Suite 218 was a tiny office with two desks and three people stuffed into it. Behind the first desk was their receptionist. Behind the second desk was Johnny, who I talked to on the phone. Sitting in front of Johnny's desk was an odd looking gentleman with a full beard and black, curly hair typing away on a laptop computer. He spoke strangely, and I figured he was from some far-away country. The receptionist introduced me to Johnny, and we shook hands. Johnny asked the receptionist which conference room we were holding the interview in. The receptionist replied that we were in Conference Room 2. So we headed off to Conference Room 2. However, there was a problem. Johnny was looking at names of rooms as we walked down the hall. He had no idea where Conference Room 2 was. Luckily, I had passed it on the way in, so I led Johnny to the room.

He had me sit down, handed me a two-page job description to read, and announced he was going to get the General Manager, who wanted to sit in on the interview. I began reading the job description, which was full of vague banalities with no specifics whatsoever. Soon Johnny returned, looking a little bewildered, with the funny looking guy from the office in tow. "We're going to do something a little different," he announced, as warning alarms began to go off in my brain. "The General Manager is tied up, so Brian here is going to sit in with us instead." With that, "Brian" folded up his arms and began glaring at Johnny. Johnny didn't notice this until "Brian" began shouting at Johnny in some gibberish I didn't understand. "Eeya Ike!" he shouted. "Eeya Ike!"

"Oh, sorry," said Johnny, "it's Mike, not Brian." That was when I spotted the huge hearing aids in both Mike's ears and realized that Mike was functionally deaf. "Eeya Ike" was just his attempt at saying "It's Mike." For the entire duration of the interview, Mike sat glaring at Johnny with his arms folded, obviously pissed off and never trying to speak again.

Johnny read haltingly from a piece of paper containing questions, obviously written by someone else, that he was supposed to ask me.
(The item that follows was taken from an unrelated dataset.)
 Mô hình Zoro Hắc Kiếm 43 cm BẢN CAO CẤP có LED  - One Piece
I could tell by the look on his face that he had no idea what I was talking about when I gave the answers. I glanced at my watch, already starting to get pissed off that I had taken half a day off for this bull****.
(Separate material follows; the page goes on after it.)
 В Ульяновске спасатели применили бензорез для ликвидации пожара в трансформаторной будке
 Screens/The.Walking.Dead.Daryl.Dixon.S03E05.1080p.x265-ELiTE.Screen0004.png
"Okay, now we're going to do something else a little different," said Johnny, who at this point was a lot more uncomfortable than I was, what with not knowing what he was doing, and having a pissed off deaf guy glaring at him from six feet away. "We're going to call the client and have you talk to her. I can't tell you who the client is." Oh, great, I thought. Could this get any more lame?

So Johnny calls the client and explains to her that he is going to have her ask me the questions. He handed the phone over to me, and the woman on the other end, who I'm pretty sure was with U.S. Bancorp, exchanged pleasantries with me. Then the real interview began.
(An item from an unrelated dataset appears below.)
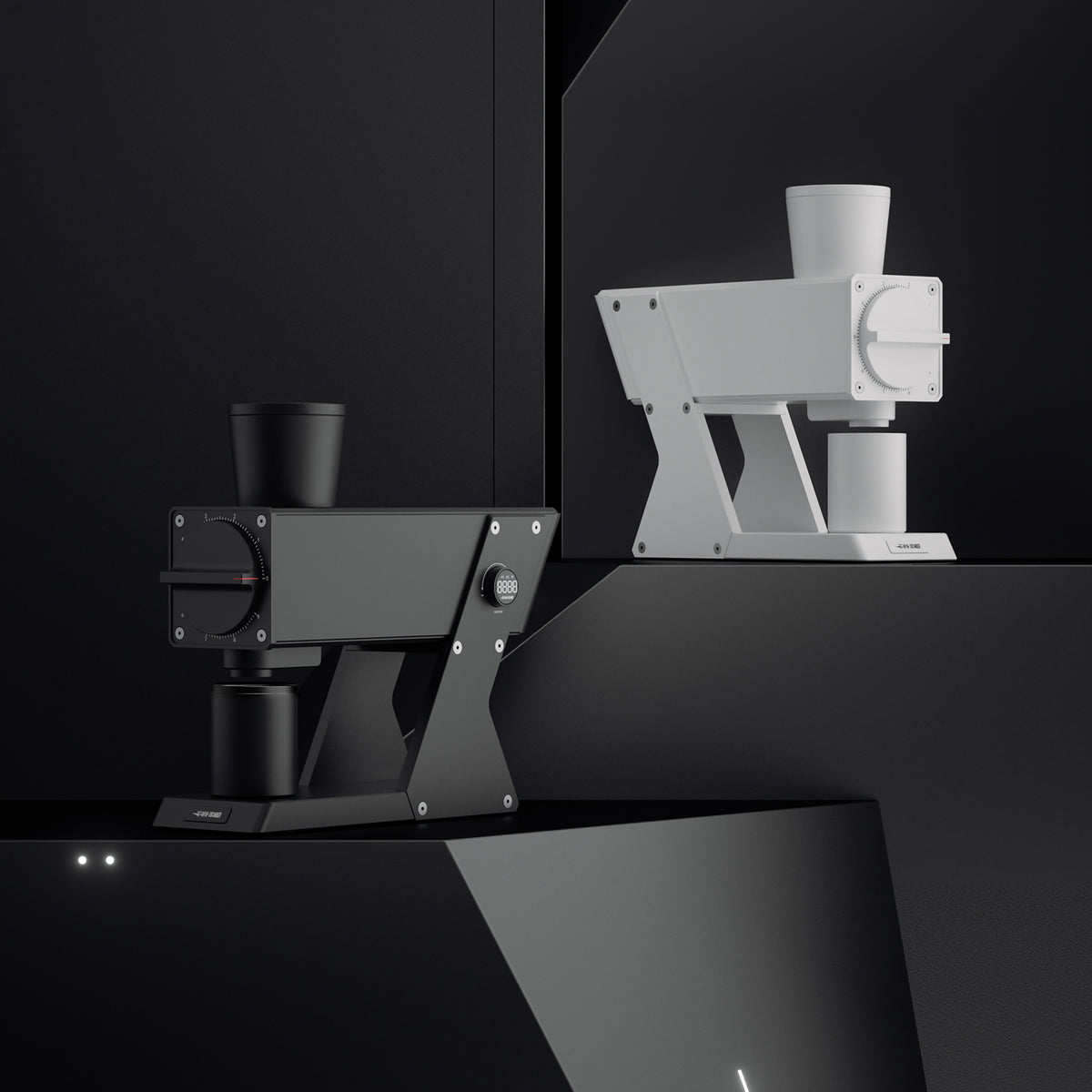 F74 Navigator Black and White family comparison; selected SKU is Black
"So, you write Java servlets?"

"Huh?"

"You write Java servlets?"

"No."

"Oh. We're looking for someone that writes Java servlets."

Soon, I was handing the phone back to Johnny, who was apologizing profusely to the client.

After hanging up, Johnny asked if I had filled out an application. Of course I hadn't. So off we went, back to Millenium Internet's tiny office, to get an application. At this point, I just wanted to get out of there. He handed me some 15 page application, and I asked if it would be okay if I faxed it to them. He said that would be fine, thanks for coming, have a nice day, we'll be in touch. "Don't you want to give me your fax number?" I asked. "Oh, sure," said Johnny, who was of course befuddled by this. "What's our fax number?" he asked the receptionist. By this time, Mike had simmered down enough to blurt out something resembling a phone number, which Johnny wrote on a Post-It and stuck to my application.

"Thanks," I said.

On my way out of the building, I tossed the application into a trash can.